### TASK OBJECTIVE
Look for the line containing "The Bather, nimeltään" and the line containing "Mask (MS_0858) 3D model for CNC machine" in the entries below. Copy those two and all lines between them exactly, leaving out pictures.

=== DATA FOR THE TASK ===

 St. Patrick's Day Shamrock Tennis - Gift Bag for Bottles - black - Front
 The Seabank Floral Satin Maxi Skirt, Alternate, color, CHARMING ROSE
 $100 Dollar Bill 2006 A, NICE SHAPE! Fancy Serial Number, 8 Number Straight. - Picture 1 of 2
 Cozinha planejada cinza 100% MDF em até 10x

===
=== DATA FOR THE TASK ===

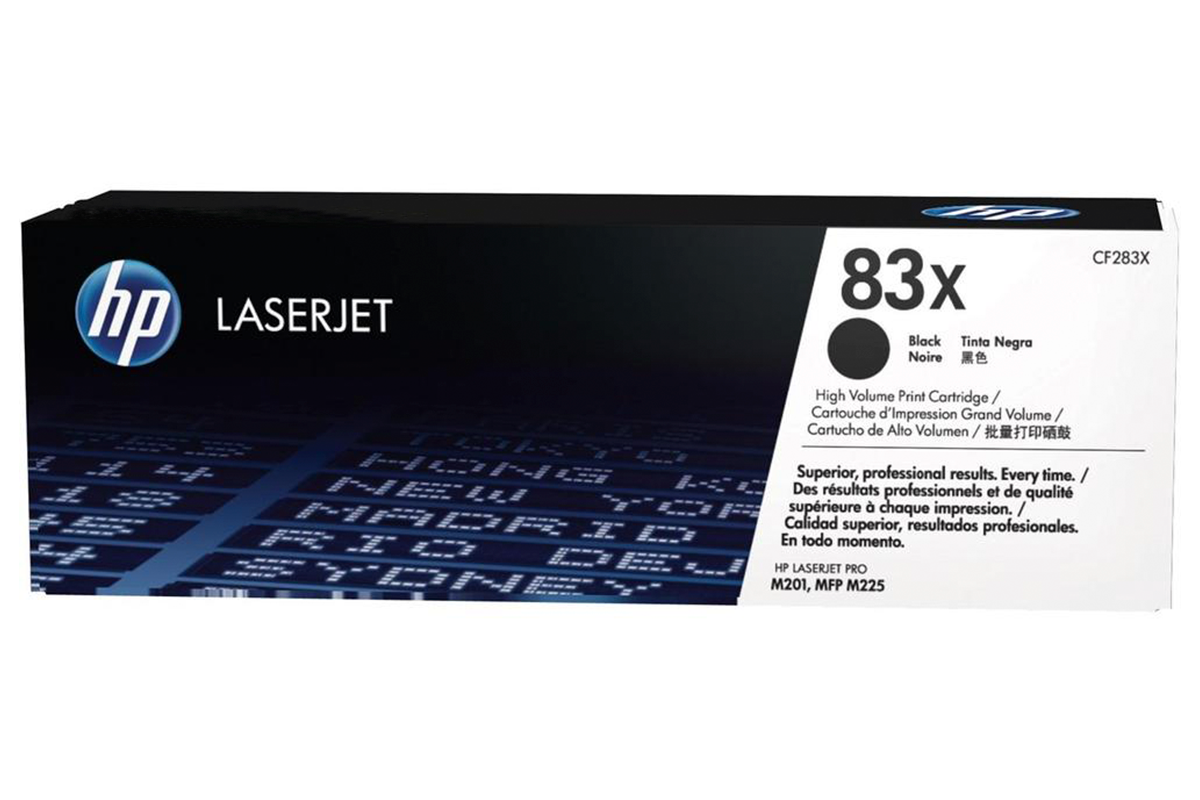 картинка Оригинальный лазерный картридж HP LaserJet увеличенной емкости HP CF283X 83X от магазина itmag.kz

===
=== DATA FOR THE TASK ===

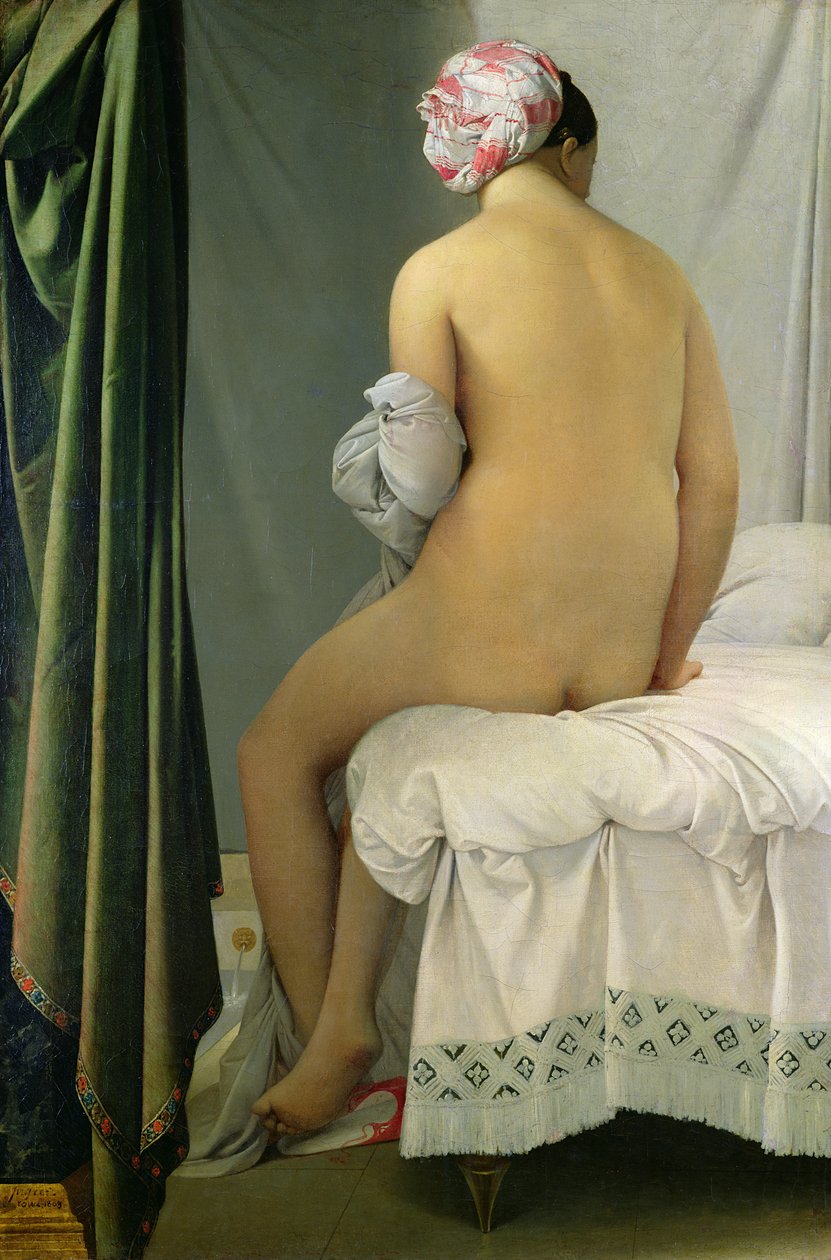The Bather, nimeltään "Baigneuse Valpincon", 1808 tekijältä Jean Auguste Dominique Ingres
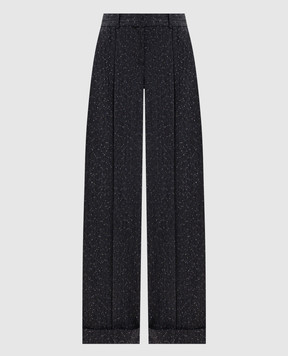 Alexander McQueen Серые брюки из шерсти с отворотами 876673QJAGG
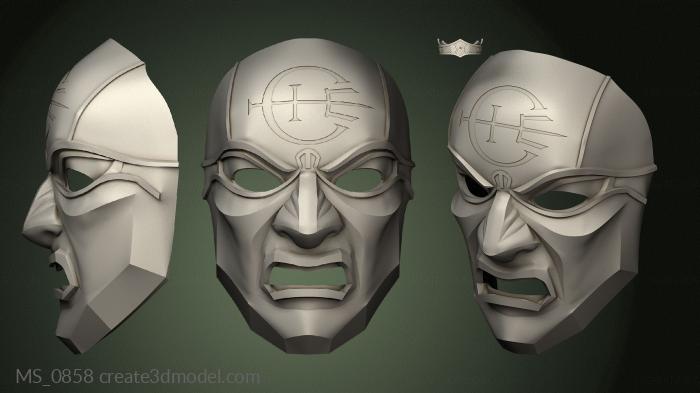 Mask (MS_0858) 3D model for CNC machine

===

### SOLUTION TO THE EXERCISE
The Bather, nimeltään "Baigneuse Valpincon", 1808 tekijältä Jean Auguste Dominique Ingres
 Alexander McQueen Серые брюки из шерсти с отворотами 876673QJAGG
 Mask (MS_0858) 3D model for CNC machine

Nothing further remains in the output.